Siân explained she could put questions to officers or to cabinet members during council meetings. She also suggested taking deputations to the council – “three minutes is not long to put your case but they will pay more attention as all councilllors tend to turn up to council meetings and can ask questions.”
Siân explained that she was happy to put forward motions too whether it could get cross-party support or was for green policies of course!
Questions from the audience
Stefano expressed interest in the chart of forecasts commenting that it was “shocking that people continue to predict/forecast when it is constantly wrong – what do politicians say when you show that?” To which Siân responded that “They will always argue that they might have been wrong in the past but they are right now! They will also argue it’s the recession that is causing a drop in driving, and claim that the difference since last year isn’t very much. What they don’t admit is that if you extrapolate a small difference over many years, you’ll end up being very wrong.”
John Hartley said he would imagine there is a huge difference between what happens in major conurbations and what happens outside (with regard to modelling forecasts).
Siân talked about the ‘Smarter Choices’ sustainable transport funding, which had had a ‘huge effect’ – saying “that with education on a town wide level – you will get an effect – if you did it in several towns and they got an average effect of a 10% reduction in driving…that is really good.”
Ben mentioned a recent piece from Vancouver about the cost per user – per mode – and the cost to society, which was $1 for someone to go to work – $10 by bike, $80 by car.”
Siân responded with reference to the issue that evaluation, modelling and cost-benefit analysis don’t consider health benefits – ‘”they basically just look at the effects on traffic – and if it reduces congestion the result is positive.”

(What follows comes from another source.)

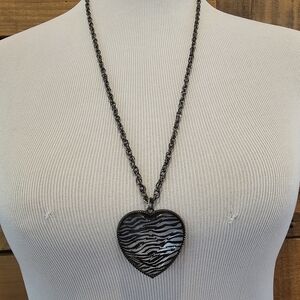 Zebra print heart pendant w/smoke color faceted stone and gunmetal chain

We were then shown the new maps at http://bettertransportmaps.org.uk, including one showing the fairly dramatic reduction in traffic in London. Siân explained that the national picture is flattening – but traffic has actually reduced quite a bit in London since the ‘90s. Euston Road shows no particular effect of an increase from 2004.
Helen asked – “Did the M25 ever reduce congestion in London? I don’t believe it did – I’m old enough to remember when it opened!.”
Siân – “With the M25 there’s the opposite. The more lanes you open, the more traffic you get. You can go on for literally forever! Someone worked out you could open 14 lanes before you even get close to saturation!”
Steven – “Did you see the forwarded article about Clarkson?’ (where Jeremy Clarkson had said people don’t need to drive in London and that young people are less interested in driving).
Siân then referred to annual road traffic forecasts with a document from a study called ‘On The Move’ by the RAC Foundation. Even this acknowledged the fact that young people are driving less.
Rosalind Readhead commented on the Supreme Court Ruling effect on pollution – “how do you think that’s going to change things?”
Siân – “Hugely I think – the fact that they have to write a new air quality policy that will be effective, by the end of the year, while simultaneously making plans for the cycling & walking investment strategy, we can link them together.”
And with the Highways Agency – now called Highways England, Siân said “A lot of their roads I’m already challenging through the planning system for causing illegal levels of pollution. As well as pushing pollution above the limits, some places that were above the limit are seeing pollution reduced more slowly because of the road building and widening. That’s not going to be allowed under the legal ruling that they have to cut pollution ‘as quickly as possible’. They need to take this a lot more seriously.”